La Convenzione di Montego Bay – entrata in vigore il 16 novembre 1994 e ratificata dall’Italia nel dicembre successivo – suddivide il mare in varie zone.
In primis ci sono le acque interne, ovvero quelle che si trovano all’interno della linea di base, che congiunge i punti estremi dell’area costiera; poi le acque territoriali che, partendo dalla linea di base si estendono per 12 miglia nautiche (circa 22.000 metri). Al limite di queste inizia la zona contigua, ampia oltre 12 miglia, nella quale lo Stato litoraneo può esercitare il controllo necessario in vista di prevenire la violazione delle proprie leggi di polizia doganale, fiscale, sanitaria oppure d’immigrazione nonché di contrastare le violazioni alle medesime leggi, nel caso in cui siano state commesse sul suo territorio o nel suo mare territoriale.
È altresì vero che l’ambiente litoraneo - per quanto concerne il sistema difensivo di una nazione - non costituisce un’area geografica ben definita, ma piuttosto un incremento del livello di minaccia man mano che ci si avvicina alla costa e si è maggiormente influenzati dagli elementi che operano al suo interno.
Quando ci si avvicina alla costa, quindi, cresce la possibilità di essere rilevati da un’ampia gamma di sensori passivi e attivi, spesso integrati in una complessa rete di comando, controllo, comunicazione, computer e intelligence (C⁴I).
Ovviamente, imbarcazioni di piccole dimensioni, sono assai difficili da intercettare, specialmente quando si trovano in prossimità della costa. La complessità di controllare fisicamente diversi chilometri di coste si somma con il crescente volume di dati apparentemente casuali acquisiti dai sistemi radar, strumenti di intelligence e sensori acustici ed elettro-ottici man mano che le imbarcazioni dei migranti si avvicinano alla costa.
Proprio per contrastare l’approdo illegale di piccoli natanti, la Marina Militare è in grado di mettere in campo unità navali di dimensioni ridotte, progettate specificatamente per la guerra litoranea. Le corvette della classe Comandanti, equipaggiate con un efficace sistema di combattimento polivalente ed impiegate insieme ad altri tipi di piattaforme navali e aeree, possono diventare un eccellente strumento nelle operazioni di contrasto all’immigrazione clandestina.
In alcuni ambienti politici si sta diffondendo l’idea di applicare un blocco navale onde limitare fortemente il fenomeno migratorio.
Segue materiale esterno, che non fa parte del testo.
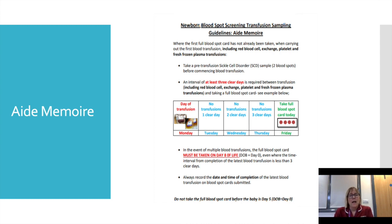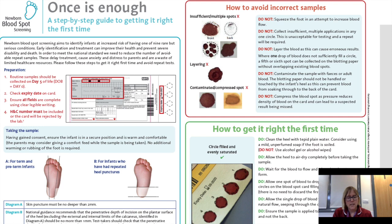In the neonatal unit there are aide-mémoire posters on the ward reminding staff about screening for transfusion samples and ensuring clear days are left. There is also a large poster throughout the neonatal unit called 'Once is Enough' — if you forget the information in this video, these are available on the walls.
Tuttavia tale soluzione, a nostro avviso, se applicata all’interno del mare territoriale italiano, non sarebbe risolutiva, in quanto comporterebbe comunque il trasbordo dei clandestini sulle unità della Marina e quindi il successivo sbarco nei porti nazionali.
Quindi, il raggio d’azione delle nostre unità navali dovrebbe estendersi fino a lambire le acque territoriali libiche - sempre che si possa parlare di sovranità in riferimento alla Libia, in cui lo ricordiamo non esiste uno governo unitario e la capitale Tripoli è da tre mesi sotto attacco delle milizie della Cirenaica - impedendo con ciò la libertà d’azione delle cosiddette navi madre dei trafficanti di uomini.